В эту минуту вспомнились мне земляки-казахстанцы, родные, отец, проживавший тогда в Толыбайском аулсовете Испульского района Гурьевской области. Провожая меня на фронт, они наказывали мне беспощадно сражаться с фашистами. И вот пришло время испытаний. Как-то я оправдаю доверие односельчан, доверие Родины?
Твердый голос генерала, его четкие указания успокаивали.
Синилов рассказывал, что 19 октября 1941 года Государственный Комитет Обороны постановил ввести осадное положение в Москве. На дальних подступах оборона Москвы этим же постановлением возложена на командование Западным фронтом, а на ближних — на начальника гарнизона города Москвы и командование Московской зоны обороны.
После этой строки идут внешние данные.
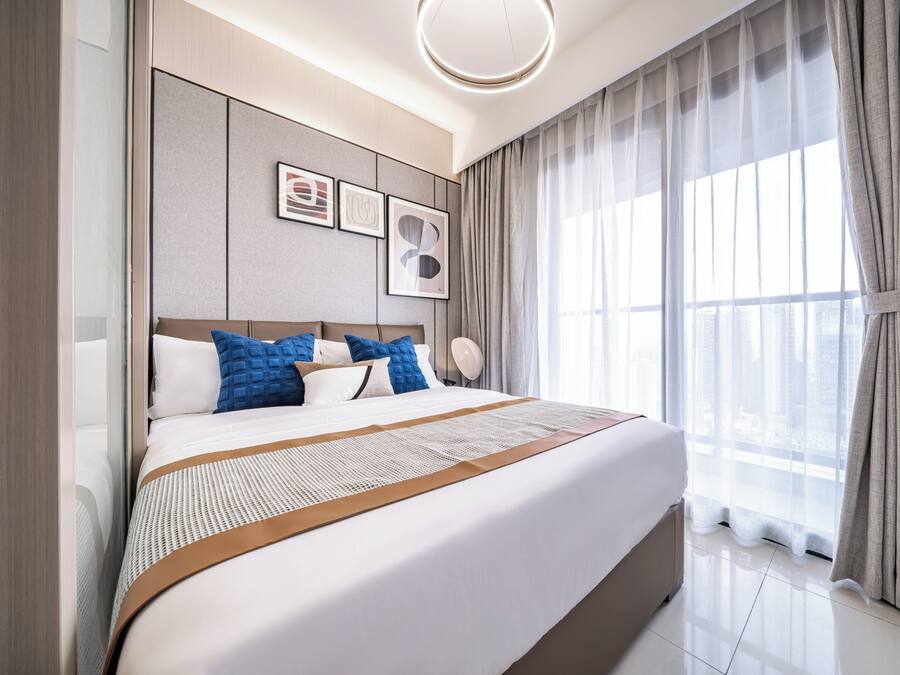 A modern hotel room with a large bed, a headboard with built-in speakers, and a large window with sheer curtains.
Вся полнота власти в столице и в пригородах передана военным. Мы, военные коменданты, — одно из звеньев обороны. Мы должны обеспечить строгий порядок в своих районах, не допускать паники, неразберихи, вылавливать агентуру врага, парашютистов, немецких летчиков со сбитых самолетов, пресекать распространение вредных слухов. Для выполнения всех этих работ в помощь каждому коменданту придавался взвод или рота лыжников.
Приехав в город Балашиху, я увидел, что здесь положение гораздо серьезнее, чем мы думали, находясь в Москве. Через заградительный огонь самолеты гитлеровцев прорывались в Москву редко, а Балашиху, превращенную в мощный узел противовоздушной обороны, часто и крепко бомбили.
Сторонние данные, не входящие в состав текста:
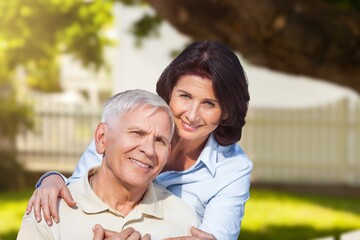 Happy senior old couple together in garden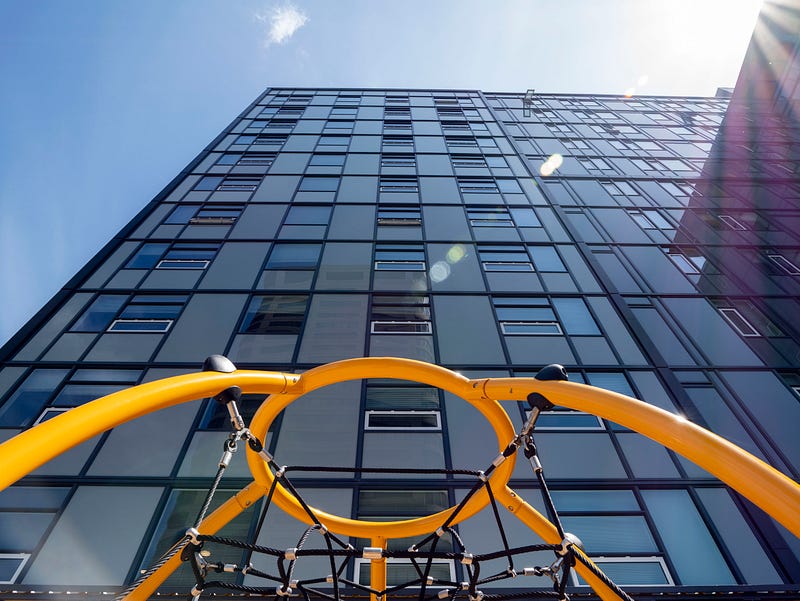 A yellow play structure is seen in the foreground in front of a towering high-rise apartment building. Blue sky with a bright sunburst are behind the building.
Наша зенитная артиллерия и авиация сбивали немало немецких самолетов, и вражеские летчики довольно часто выбрасывались с парашютом. Одни лыжники, без помощи населения, усмотреть за всем, что творится в районе, естественно, не могли. И вот тогда-то в городской типографии был отпечатан приказ военного коменданта № 1, текст которого был согласован с работниками военного коменданта Москвы, которому мы подчинялись.
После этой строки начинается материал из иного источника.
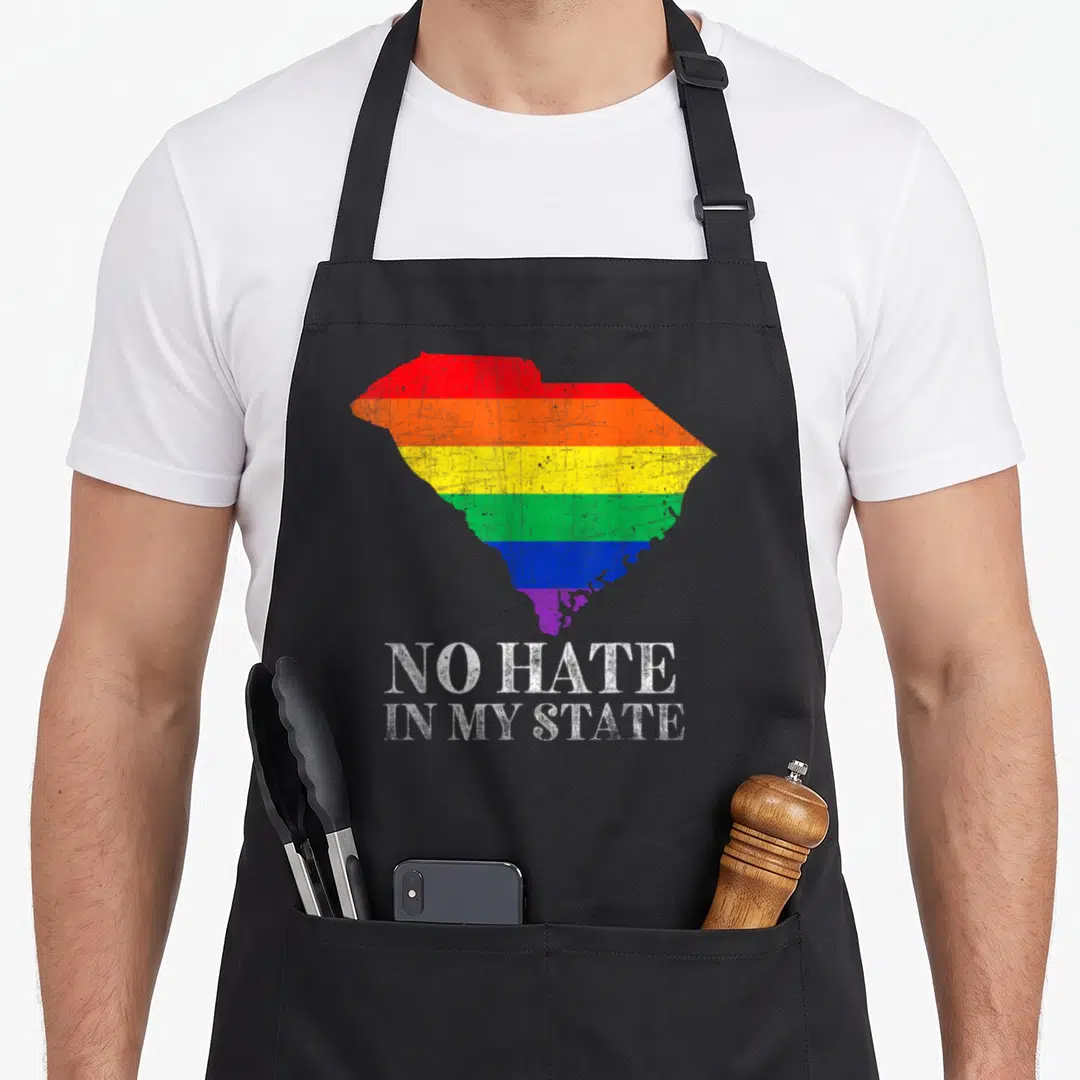 Hate gay pride apron - Rainbow South Carolina map with distressed white text reading NO HATE IN MY STATE — shown on a black cotton canvas apron against a white background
После того как приказ расклеили по всем людным и видным местам, порядок в городе и районе заметно улучшился. Население стало активнее помогать нам. Через каждые пятнадцать-двадцать минут поступало сообщение или приводились задержанные люди. Парашютистов, немецких летчиков, фашистских агентов мы немедленно передавали особым отделам ближайших воинских частей согласно приказу. С остальными подозрительными лицами разбирались территориальные органы НКВД и мы сами.
Приходилось очень часто поднимать по тревоге роту лыжников, прочесывать отдельные уголки района или спешить на помощь местным жителям для задержания немецких лазутчиков. Мы не спали сутками, отдыхали урывками, зато знали, что враг не проникнет через наш район в Москву.
Помимо этой основной работы у коменданта было много других дел. И я, по правде говоря, не находил времени поинтересоваться, с какими именно целями являлись к нам вражеские агенты и парашютисты.
Лишь один раз позвонил мне начальник особого отдела воинской части, расположенной в самой Балашихе, и предупредил, что среди направленных нами дня два тому назад парашютистов, пойманных лыжниками, оказался крупный немецкий агент, уроженец Подмосковья. Помимо других заданий, по словам начальника, он должен был разведать расположение воинских частей и противовоздушной обороны Балашихинского района. Это заинтересовало меня, и я выехал в особый отдел, чтобы лично допросить немецкого агента и установить, что же известно немецкой разведке и командованию о наших воинских и зенитных частях, почему и чем заинтересовал их Балашихинский район. Нас всех тогда тревожило, чтобы немцы не узнали о сосредоточении наших войск для ответного удара.